Return To “Being In Person” A Welcome, And Good Exhausting Reminder Of What We Missed…
Usually after not doing something mentally or physically for quite a while it takes a bit of a restart to get back into the flow. Amazingly we found it true about the return to live business events as well. Tuesday I made the trek to midtown to the CAA World Congress of Sports, the first live in person business event I have been to since leaving the MIT Sloan Analytics Conference in Boston 18 months ago.
It was mentally exhausting, but as they say, a good exhausting. I was surprised at the end of the day to hear how many people say that their frame of mind and their focus had been noticeably altered by being away from such larger scale events for such an extended period of time…the slight complaints of headaches and tiredness, both of which were offset by high fives and hugs…was pretty universal by six o’clock cocktails, and more than a few people from out of NY had retreated to their rooms, some to admittedly take a nap.
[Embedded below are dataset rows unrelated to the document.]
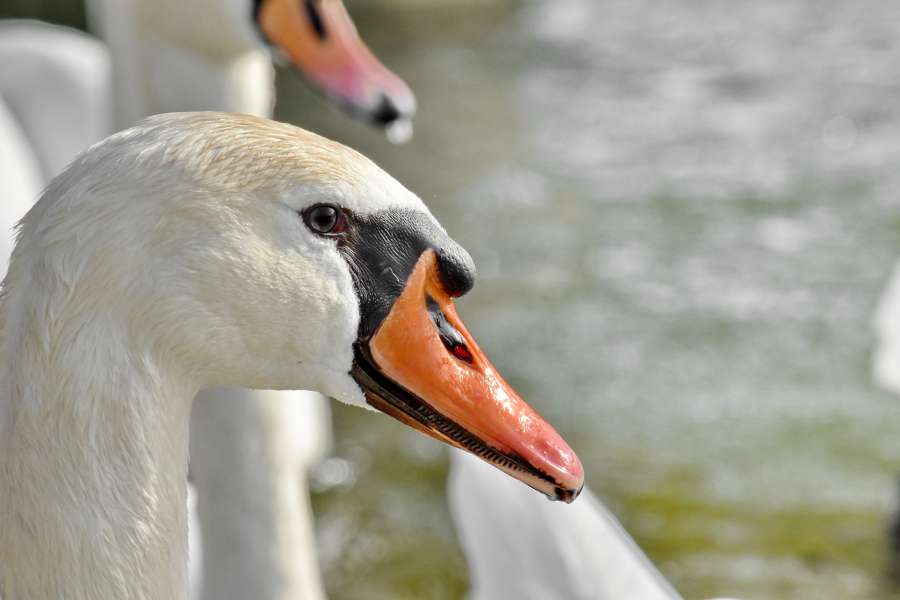 flock, swan, aquatic bird, waterfowl, beak 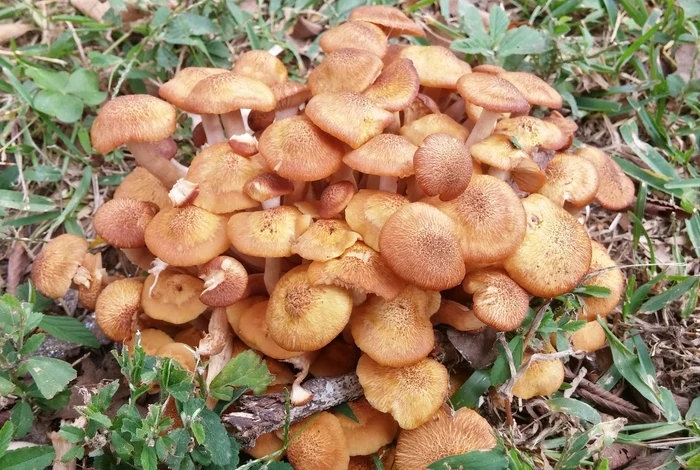 Edible mushrooms. Photo: Romsilva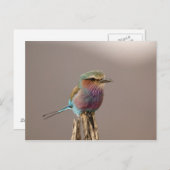 Lila gebrande Roller, Coracias caudata, Samburu Briefkaart (Voorkant / Achterkant)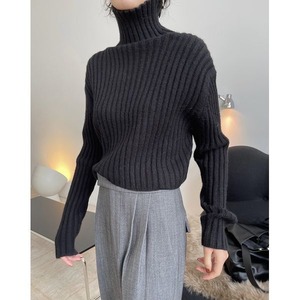 Turtle Neck Rib Knit 501839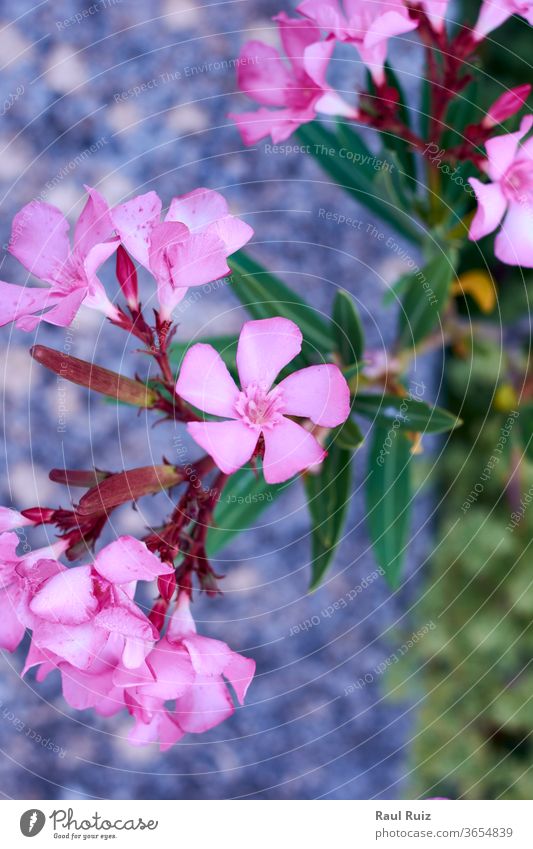Satz kleiner violetter Blüten Landwirtschaft Ackerland Blume Gefälligkeit Krokusse Natur Pflanze purpur Gewürz Erholung Farben Massage Gemüse frisch Stein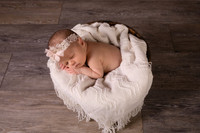 Harbor Newborn-12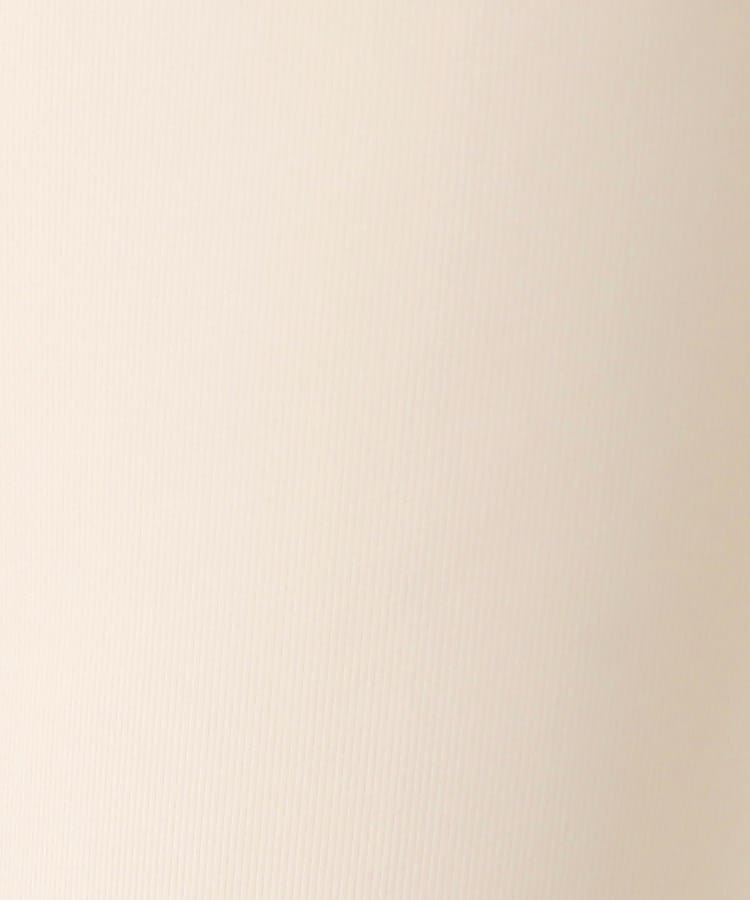 ルイシャンタン(Lui Chantant)の【透けにくい／のびのび／日本製】シェルタリング夏レギンス17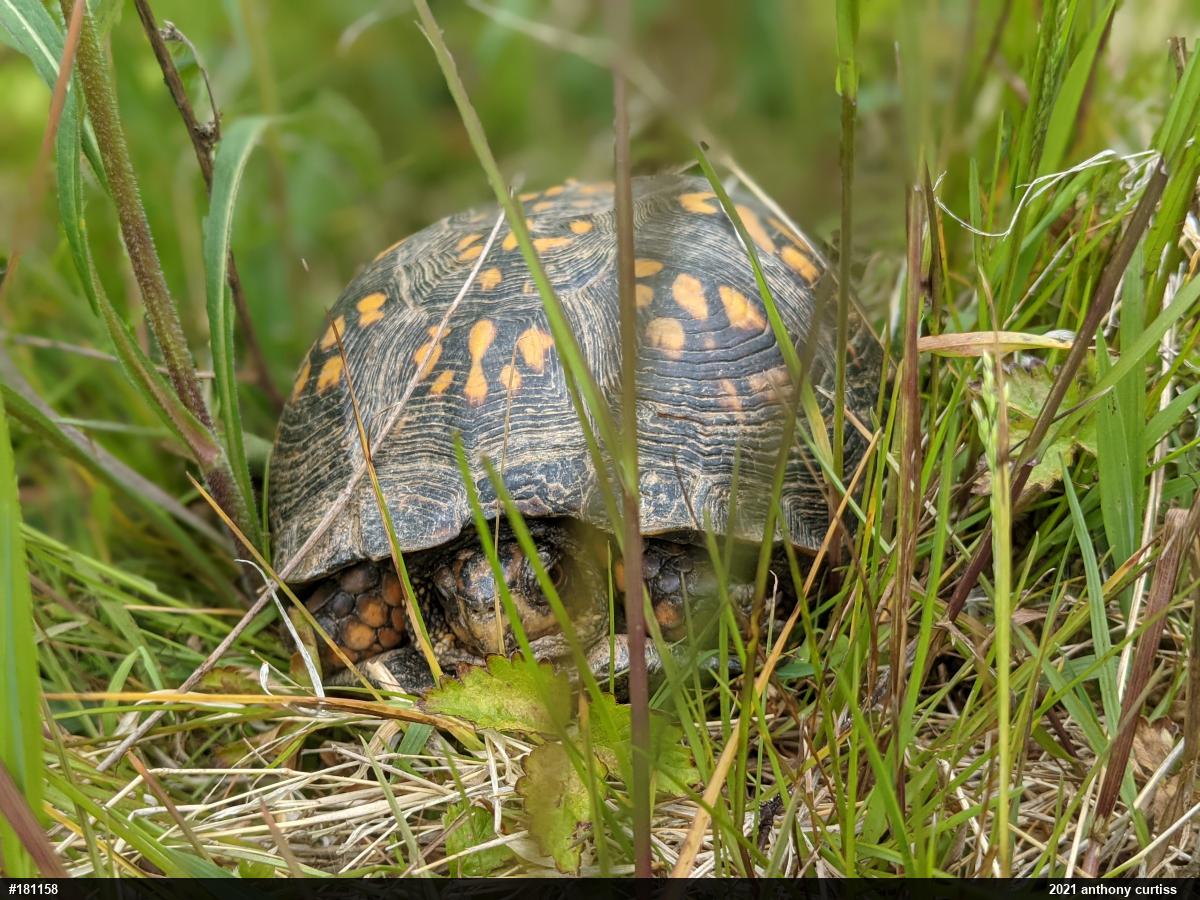 Eastern Box Turtle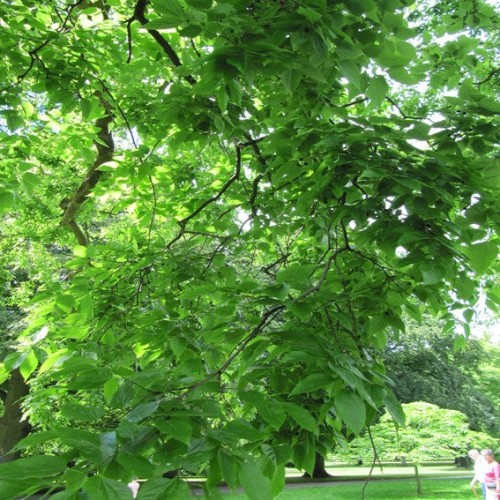 Celtis Occidentalis- Micocoulier Occidental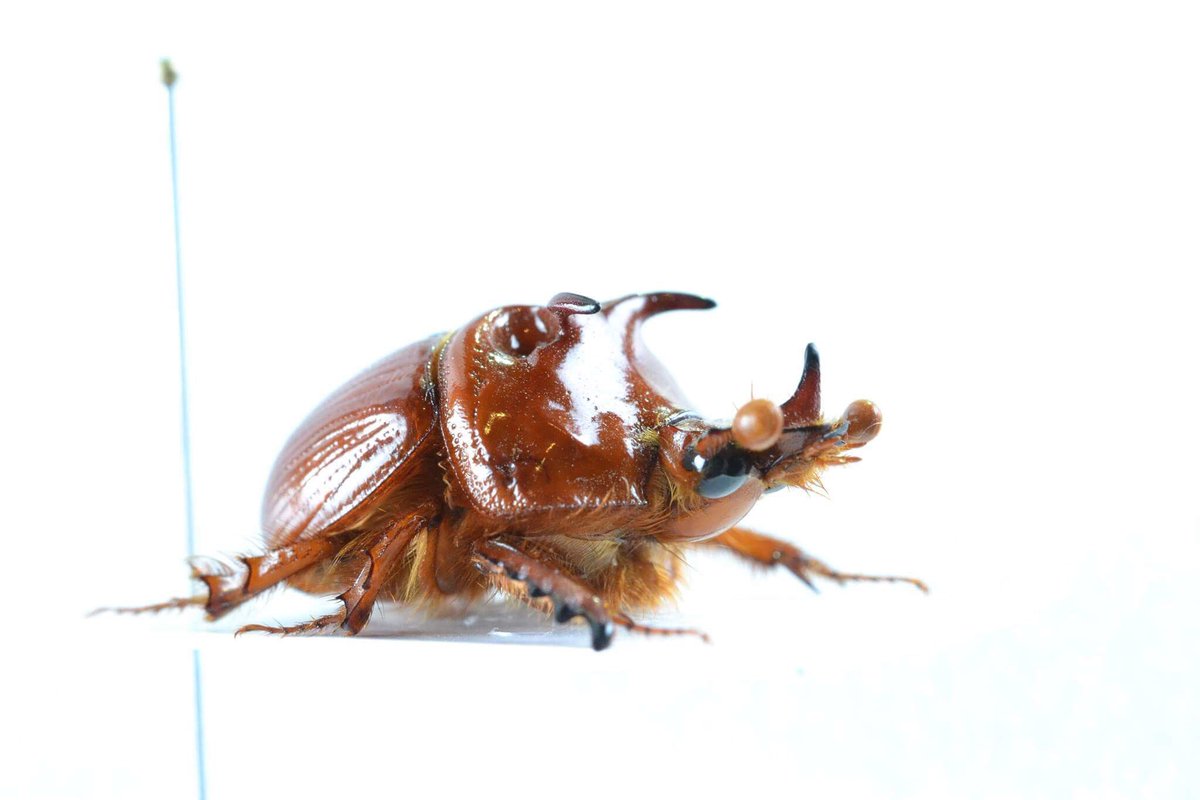 Blackbolbus furcaticollis オーストラリア産ムネアカセンチコガネ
Regardless, the return to live events brings back the randomness of showing up and connecting with colleagues new and old, something that was lost during the past 18 months. While we hid behind screens and events promised special “networking rooms,” there is nothing like being there and getting a smile, or a high five from someone you would rarely see directly in any online platform. In a business of human contact and relationships, that randomness is a treasured tradition that we have all missed. It brings back increased focus on conversations, forces one to be less distracted, and really helps reengage the mental skill of listening and conversation, something which slipped away, probably for all of us, during this time.
That focus is also something I have noticed in classroom settings as well. Since we are back in the room at Columbia, but cannot have guests come in yet, we are in a bit of a hybrid more. What has been interesting to watch is the subconscious shift of attention when groups are watching a screen vs, when someone is right in front of them. No matter how hard one tries, the distractions from a device, from something else in the room, from something you notice elsewhere in the area, are pretty rampant. The lack of need for eye contact allows one to wander a bit, and even the most focused seem to lose just a bit of focus after just a few minutes. When you are in the room, any room, with an actual person in conversation, your focus, and your mental acuity is in the moment. When we are in front of a screen, it is less so.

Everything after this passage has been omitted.